1880 — Adelbert Ames, Jr., was born. Ames was a ophthalmologist whose research focused on visual sensation and perception. His "transactional functionalism" emphasized the interactions between person and environment as determinants of perception. The distorted room apparatus and rotating trapezoidal window apparatus were among the demonstration stimuli invented by Ames.
1909 — Hedda Bolgar was born.
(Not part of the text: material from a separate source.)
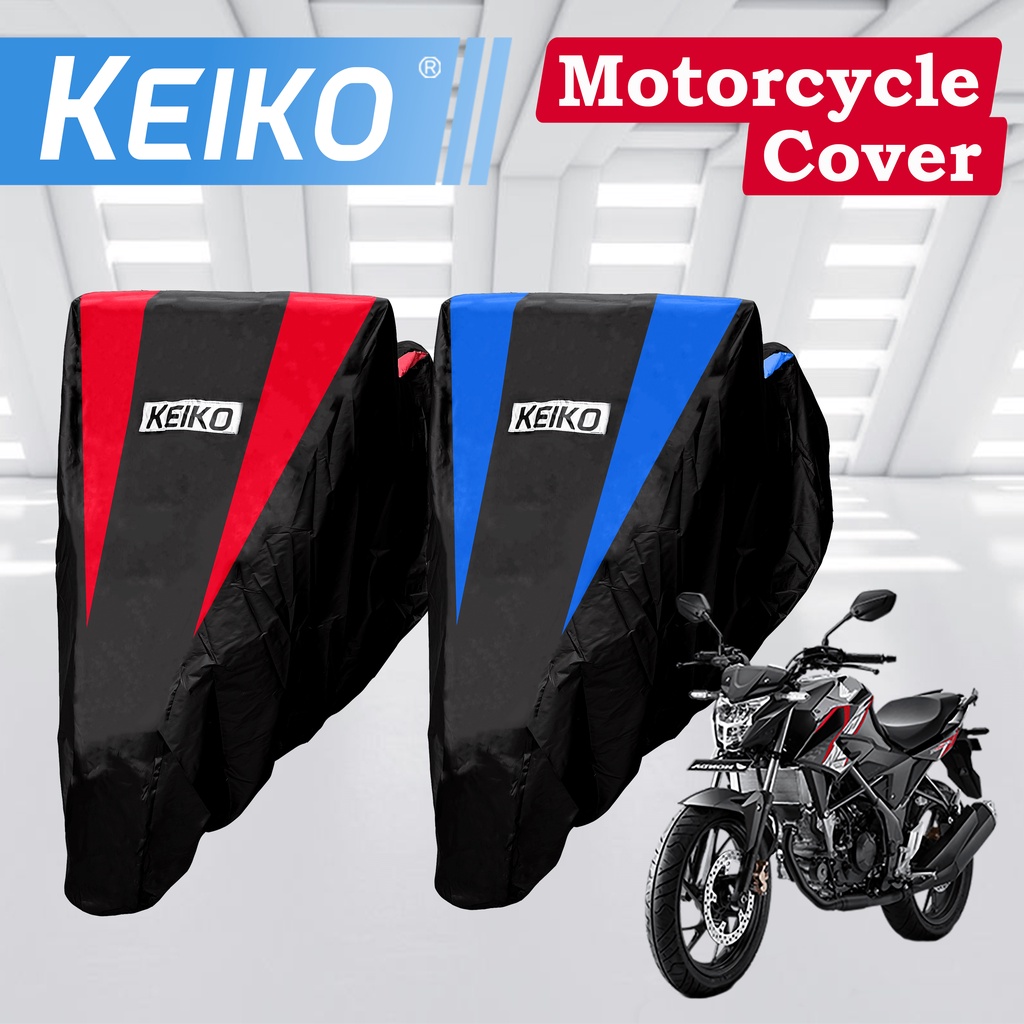 Cover Sarung Tutup Motor Jumbo (XL) Waterproof Warna CB150R Forza TMAX Scorpio SH150i YZF R25 Keiko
Bolgar, a specialist in personality theory, psychoanalysis, and projective techniques, was a prominent trainer of clinical psychologists for 40 years.
1949 — An anonymous prize of $100 for the best psychology article of 1948 was awarded to Louis L. Thurstone's "Psychological Implications of Factor Analysis," published in the American Psychologist.
1952 — Susan T. Fiske was born. Fiske's program of social psychological research has probed the nature of causal attributions, social schema, perceived nuclear threat, gender stereotyping, and responses to adversity. Her findings have been cited in recent gender discrimination lawsuits. APA Award for Distinguished Contribution to Psychology in the Public Interest, 1991.
1959 — John W. Thibaut and Harold H. Kelley's book The Social Psychology of Groups was published.
1972 — The first of two articles on psychologist Neal E. Miller was published by the New Yorker magazine. The articles, written by Gerald Jonas, won the first APA National Media Grand Prix Award in 1973. The award gave special recognition to one of the five winners of APA National Media awards for psychology-related presentations in periodicals, films, television, radio, and books.